**How to complete this task:** From the records below, find each line with the string "Drive" and copy it.

:: Data supplied

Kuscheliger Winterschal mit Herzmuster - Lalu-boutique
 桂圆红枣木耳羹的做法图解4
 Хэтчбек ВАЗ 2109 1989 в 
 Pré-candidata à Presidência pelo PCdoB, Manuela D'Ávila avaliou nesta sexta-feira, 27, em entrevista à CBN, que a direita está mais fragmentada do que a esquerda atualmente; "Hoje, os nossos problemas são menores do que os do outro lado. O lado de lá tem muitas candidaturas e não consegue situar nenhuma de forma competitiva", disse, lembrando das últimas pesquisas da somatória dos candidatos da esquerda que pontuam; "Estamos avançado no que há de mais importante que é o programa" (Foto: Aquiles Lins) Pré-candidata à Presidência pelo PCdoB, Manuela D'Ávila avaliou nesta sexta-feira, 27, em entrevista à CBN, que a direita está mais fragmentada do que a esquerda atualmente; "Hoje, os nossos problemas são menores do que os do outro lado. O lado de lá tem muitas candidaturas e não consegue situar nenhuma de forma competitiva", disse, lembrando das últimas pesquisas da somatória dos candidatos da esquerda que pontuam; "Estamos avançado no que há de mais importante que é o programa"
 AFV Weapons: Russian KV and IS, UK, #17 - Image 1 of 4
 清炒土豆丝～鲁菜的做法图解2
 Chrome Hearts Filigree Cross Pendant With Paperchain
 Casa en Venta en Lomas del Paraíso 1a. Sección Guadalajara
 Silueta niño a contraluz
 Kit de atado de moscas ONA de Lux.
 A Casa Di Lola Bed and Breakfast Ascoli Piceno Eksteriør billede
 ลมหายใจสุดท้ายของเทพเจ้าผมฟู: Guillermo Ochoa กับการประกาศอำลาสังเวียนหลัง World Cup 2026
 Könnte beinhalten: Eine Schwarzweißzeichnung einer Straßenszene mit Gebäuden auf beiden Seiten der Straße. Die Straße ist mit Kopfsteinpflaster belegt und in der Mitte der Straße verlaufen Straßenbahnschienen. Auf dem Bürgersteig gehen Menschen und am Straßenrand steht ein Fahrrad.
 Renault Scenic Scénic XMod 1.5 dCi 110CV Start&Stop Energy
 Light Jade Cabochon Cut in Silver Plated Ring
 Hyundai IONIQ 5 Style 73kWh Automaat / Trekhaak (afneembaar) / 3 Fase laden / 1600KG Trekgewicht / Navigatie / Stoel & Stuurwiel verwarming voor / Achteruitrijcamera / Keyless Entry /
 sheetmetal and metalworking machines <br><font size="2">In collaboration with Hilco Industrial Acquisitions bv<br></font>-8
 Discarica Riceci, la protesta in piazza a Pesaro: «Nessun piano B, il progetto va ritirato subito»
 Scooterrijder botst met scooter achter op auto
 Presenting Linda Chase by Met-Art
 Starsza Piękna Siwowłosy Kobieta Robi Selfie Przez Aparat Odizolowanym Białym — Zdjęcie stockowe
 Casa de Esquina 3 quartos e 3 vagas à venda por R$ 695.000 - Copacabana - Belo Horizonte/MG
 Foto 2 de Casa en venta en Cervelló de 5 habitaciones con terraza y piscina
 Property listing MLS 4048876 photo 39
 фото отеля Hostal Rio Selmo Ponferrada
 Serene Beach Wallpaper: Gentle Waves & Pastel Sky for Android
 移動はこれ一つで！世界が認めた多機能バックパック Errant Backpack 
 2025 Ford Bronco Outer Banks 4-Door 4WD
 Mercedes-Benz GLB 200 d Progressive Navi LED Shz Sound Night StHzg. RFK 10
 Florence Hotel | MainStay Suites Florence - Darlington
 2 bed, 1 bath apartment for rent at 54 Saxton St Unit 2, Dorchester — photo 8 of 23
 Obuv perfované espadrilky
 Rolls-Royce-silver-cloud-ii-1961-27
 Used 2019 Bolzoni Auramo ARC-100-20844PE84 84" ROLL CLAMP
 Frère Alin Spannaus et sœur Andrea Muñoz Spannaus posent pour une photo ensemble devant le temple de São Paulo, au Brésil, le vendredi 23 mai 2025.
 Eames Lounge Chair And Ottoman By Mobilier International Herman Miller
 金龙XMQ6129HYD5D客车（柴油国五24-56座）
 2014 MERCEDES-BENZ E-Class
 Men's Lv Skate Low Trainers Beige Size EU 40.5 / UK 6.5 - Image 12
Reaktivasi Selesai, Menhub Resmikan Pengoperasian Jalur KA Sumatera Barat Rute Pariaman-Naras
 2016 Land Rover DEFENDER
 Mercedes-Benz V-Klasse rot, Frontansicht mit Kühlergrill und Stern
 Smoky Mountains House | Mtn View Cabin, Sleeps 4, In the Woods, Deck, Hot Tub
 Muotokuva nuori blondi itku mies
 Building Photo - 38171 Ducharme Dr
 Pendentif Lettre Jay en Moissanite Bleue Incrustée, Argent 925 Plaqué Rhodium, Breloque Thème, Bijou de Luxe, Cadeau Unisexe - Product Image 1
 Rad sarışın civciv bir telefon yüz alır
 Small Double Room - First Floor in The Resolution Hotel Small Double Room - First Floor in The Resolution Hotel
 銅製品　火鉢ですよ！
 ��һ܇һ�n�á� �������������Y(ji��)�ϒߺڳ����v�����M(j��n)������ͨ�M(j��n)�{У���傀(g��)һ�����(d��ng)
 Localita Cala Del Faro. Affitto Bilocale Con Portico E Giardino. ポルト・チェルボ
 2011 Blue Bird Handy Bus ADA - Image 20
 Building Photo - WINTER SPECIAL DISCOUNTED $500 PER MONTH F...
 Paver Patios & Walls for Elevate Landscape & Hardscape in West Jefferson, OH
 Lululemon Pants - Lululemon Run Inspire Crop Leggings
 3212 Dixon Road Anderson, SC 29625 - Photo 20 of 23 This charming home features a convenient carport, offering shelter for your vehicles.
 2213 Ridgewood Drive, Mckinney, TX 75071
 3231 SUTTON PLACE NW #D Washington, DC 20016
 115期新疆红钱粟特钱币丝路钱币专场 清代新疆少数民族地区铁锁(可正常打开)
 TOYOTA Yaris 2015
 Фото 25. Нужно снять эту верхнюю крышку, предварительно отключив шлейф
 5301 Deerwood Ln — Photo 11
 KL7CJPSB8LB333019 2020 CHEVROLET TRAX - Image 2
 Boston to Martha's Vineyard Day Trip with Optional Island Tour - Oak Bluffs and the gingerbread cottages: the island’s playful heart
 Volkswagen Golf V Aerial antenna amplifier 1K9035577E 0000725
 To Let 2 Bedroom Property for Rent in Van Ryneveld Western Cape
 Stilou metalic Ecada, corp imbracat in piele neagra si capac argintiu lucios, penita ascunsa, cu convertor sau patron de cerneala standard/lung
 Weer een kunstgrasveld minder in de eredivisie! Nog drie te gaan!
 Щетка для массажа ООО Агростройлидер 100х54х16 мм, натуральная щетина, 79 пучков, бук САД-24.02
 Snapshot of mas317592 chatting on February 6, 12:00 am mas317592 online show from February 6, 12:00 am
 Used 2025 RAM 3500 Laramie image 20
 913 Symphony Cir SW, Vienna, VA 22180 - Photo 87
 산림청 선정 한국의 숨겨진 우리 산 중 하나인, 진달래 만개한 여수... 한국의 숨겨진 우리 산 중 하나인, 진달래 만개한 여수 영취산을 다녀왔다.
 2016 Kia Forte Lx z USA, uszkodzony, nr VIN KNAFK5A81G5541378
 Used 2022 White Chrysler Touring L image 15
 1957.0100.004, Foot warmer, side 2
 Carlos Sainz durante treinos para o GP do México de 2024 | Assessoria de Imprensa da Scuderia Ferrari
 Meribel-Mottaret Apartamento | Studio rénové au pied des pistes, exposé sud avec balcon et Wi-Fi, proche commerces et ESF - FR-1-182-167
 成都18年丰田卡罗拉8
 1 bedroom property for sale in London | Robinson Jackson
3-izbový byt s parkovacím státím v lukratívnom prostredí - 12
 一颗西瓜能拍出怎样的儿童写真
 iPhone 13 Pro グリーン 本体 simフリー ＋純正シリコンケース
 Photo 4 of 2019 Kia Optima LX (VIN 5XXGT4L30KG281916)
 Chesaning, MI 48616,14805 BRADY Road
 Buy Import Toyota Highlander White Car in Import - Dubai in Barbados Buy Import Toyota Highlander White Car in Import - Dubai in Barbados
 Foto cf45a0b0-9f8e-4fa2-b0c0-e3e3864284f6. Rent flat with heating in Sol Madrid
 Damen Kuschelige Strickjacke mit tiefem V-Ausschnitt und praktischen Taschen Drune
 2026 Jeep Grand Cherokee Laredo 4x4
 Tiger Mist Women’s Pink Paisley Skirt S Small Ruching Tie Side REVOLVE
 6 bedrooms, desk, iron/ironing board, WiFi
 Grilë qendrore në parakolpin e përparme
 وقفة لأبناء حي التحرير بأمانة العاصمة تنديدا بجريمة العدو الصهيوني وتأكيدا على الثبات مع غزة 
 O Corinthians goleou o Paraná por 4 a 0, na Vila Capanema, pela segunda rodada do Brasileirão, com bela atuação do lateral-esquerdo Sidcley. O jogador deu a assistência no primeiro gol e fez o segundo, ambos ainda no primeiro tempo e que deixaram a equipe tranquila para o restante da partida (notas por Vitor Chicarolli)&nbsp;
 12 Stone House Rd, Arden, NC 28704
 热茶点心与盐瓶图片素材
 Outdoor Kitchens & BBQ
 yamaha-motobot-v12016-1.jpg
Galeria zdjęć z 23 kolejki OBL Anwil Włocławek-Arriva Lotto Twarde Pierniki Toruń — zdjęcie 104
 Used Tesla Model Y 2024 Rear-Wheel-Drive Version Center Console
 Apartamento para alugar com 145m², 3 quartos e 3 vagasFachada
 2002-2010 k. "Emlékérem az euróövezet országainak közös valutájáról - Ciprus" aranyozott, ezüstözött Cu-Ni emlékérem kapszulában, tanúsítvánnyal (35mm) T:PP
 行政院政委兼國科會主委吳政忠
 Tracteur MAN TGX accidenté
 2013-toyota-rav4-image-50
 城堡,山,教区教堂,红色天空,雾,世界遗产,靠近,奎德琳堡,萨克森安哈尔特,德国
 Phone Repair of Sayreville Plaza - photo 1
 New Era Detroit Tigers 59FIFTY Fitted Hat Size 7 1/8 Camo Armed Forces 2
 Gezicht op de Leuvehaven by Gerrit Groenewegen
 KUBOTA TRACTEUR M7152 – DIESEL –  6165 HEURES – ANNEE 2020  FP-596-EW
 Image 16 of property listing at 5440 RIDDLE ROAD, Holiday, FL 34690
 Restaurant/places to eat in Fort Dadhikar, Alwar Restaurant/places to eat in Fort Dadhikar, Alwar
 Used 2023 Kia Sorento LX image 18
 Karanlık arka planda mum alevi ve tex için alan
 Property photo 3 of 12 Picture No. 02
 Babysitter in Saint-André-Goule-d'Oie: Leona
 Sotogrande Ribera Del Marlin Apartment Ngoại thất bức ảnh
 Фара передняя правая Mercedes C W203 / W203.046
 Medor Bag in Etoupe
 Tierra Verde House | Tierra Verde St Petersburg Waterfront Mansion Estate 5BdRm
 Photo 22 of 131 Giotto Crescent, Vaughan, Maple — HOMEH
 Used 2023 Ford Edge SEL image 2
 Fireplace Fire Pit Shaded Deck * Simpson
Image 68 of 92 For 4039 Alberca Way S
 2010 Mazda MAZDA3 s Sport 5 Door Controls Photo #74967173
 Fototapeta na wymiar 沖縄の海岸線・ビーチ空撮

::::

**Answer for this exercise:**
 2213 Ridgewood Drive, Mckinney, TX 75071
 Used Tesla Model Y 2024 Rear-Wheel-Drive Version Center Console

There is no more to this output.